**** Information provided

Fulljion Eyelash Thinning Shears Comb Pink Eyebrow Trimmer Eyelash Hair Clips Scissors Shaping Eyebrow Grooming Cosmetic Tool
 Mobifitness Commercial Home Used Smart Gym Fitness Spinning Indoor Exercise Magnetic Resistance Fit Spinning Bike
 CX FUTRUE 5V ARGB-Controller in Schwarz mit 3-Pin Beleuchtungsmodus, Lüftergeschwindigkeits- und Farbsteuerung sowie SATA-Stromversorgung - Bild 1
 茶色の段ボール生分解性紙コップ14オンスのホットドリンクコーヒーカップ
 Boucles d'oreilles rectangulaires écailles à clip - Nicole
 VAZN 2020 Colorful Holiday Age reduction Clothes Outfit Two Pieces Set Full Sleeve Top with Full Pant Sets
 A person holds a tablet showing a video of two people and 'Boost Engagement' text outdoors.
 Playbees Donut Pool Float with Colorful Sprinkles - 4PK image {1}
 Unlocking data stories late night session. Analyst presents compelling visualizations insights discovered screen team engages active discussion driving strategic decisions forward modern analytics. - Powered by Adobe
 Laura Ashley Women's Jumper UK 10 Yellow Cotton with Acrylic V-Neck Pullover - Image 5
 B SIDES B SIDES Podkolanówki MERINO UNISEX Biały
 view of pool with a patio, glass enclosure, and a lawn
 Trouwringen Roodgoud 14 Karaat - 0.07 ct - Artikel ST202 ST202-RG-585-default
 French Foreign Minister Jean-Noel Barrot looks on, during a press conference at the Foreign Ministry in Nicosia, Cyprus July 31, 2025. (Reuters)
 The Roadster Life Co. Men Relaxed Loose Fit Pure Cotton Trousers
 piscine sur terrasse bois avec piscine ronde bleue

********

Activity –
The data must be duplicated exactly, with nothing left out.

Answer below –
Fulljion Eyelash Thinning Shears Comb Pink Eyebrow Trimmer Eyelash Hair Clips Scissors Shaping Eyebrow Grooming Cosmetic Tool
 Mobifitness Commercial Home Used Smart Gym Fitness Spinning Indoor Exercise Magnetic Resistance Fit Spinning Bike
 CX FUTRUE 5V ARGB-Controller in Schwarz mit 3-Pin Beleuchtungsmodus, Lüftergeschwindigkeits- und Farbsteuerung sowie SATA-Stromversorgung - Bild 1
 茶色の段ボール生分解性紙コップ14オンスのホットドリンクコーヒーカップ
 Boucles d'oreilles rectangulaires écailles à clip - Nicole
 VAZN 2020 Colorful Holiday Age reduction Clothes Outfit Two Pieces Set Full Sleeve Top with Full Pant Sets
 A person holds a tablet showing a video of two people and 'Boost Engagement' text outdoors.
 Playbees Donut Pool Float with Colorful Sprinkles - 4PK image {1}
 Unlocking data stories late night session. Analyst presents compelling visualizations insights discovered screen team engages active discussion driving strategic decisions forward modern analytics. - Powered by Adobe
 Laura Ashley Women's Jumper UK 10 Yellow Cotton with Acrylic V-Neck Pullover - Image 5
 B SIDES B SIDES Podkolanówki MERINO UNISEX Biały
 view of pool with a patio, glass enclosure, and a lawn
 Trouwringen Roodgoud 14 Karaat - 0.07 ct - Artikel ST202 ST202-RG-585-default
 French Foreign Minister Jean-Noel Barrot looks on, during a press conference at the Foreign Ministry in Nicosia, Cyprus July 31, 2025. (Reuters)
 The Roadster Life Co. Men Relaxed Loose Fit Pure Cotton Trousers
 piscine sur terrasse bois avec piscine ronde bleue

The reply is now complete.